Earmarking BP’s Money in Escrow for Clean Up and Compensation
Part of a Series
The BP Gulf Coast rig explosion is a horrible human, economic, and environmental disaster. The death of 11 employees is tragic. The spill could devastate the Gulf Coast commercial and sport fishing industries for years to come, as well as ravaging the region’s tourism economy. Louisiana’s seafood industry alone is worth $2 billion annually.
The rig explosion causes what CNN reports officials say “could become one of worst spills in U.S. history.” Tragically, there are 11 missing rig employees were killed. The well continues to leak at least 210,000 gallons of oil per day into the Gulf of Mexico—five times the original estimate, and it could be much more. This growing oil slick already covers an area larger than West Virginia and and oozed onto the Louisiana shore this past weekend. A major portion of the oil slick looms only five miles offshore. This major oil spill could be the worst environmental disaster since the Exxon Valdez spill in 1989, and it is a tragic reminder that we must dramatically reduce our oil use.

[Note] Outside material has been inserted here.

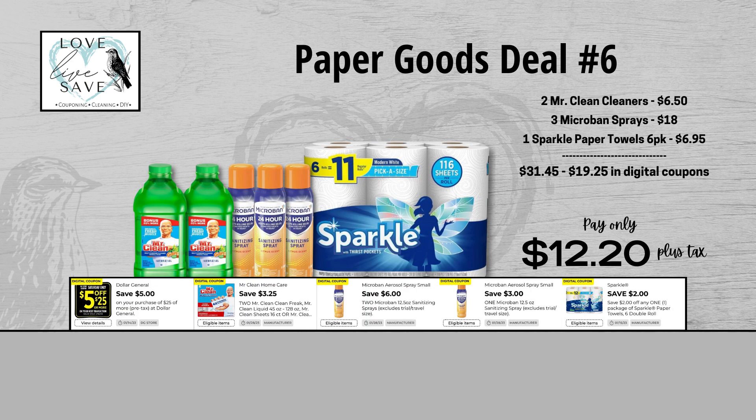Now we're on the paper towel side of this deal video. As I've told you guys many times before, stocking up and building a paper towel stockpile is one of my big goals for the new year, so I'm super excited. For our sixth deal, grab two bottles of Mr. Clean Cleaners, three cans of Microband Spray, and one six-count pack of Sparkle Paper Towels. Before coupons, our total retail value comes to $31.45. After all coupons, our total out-of-pocket comes all the way down to just $12.20 plus tax — that is a total savings of $19.25. This is the time to stock up.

BP made $163 billion in profits from 2001-09 and $5.6 billion in the first quarter of 2010. Therefore, BP should be required to place its first quarter profit of $5.6 billion in an escrow account to provide compensation to the fishermen, those in the tourist industry, and others whose livelihoods are threatened. These funds should also be used for cleaning up the soon to be blighted shores.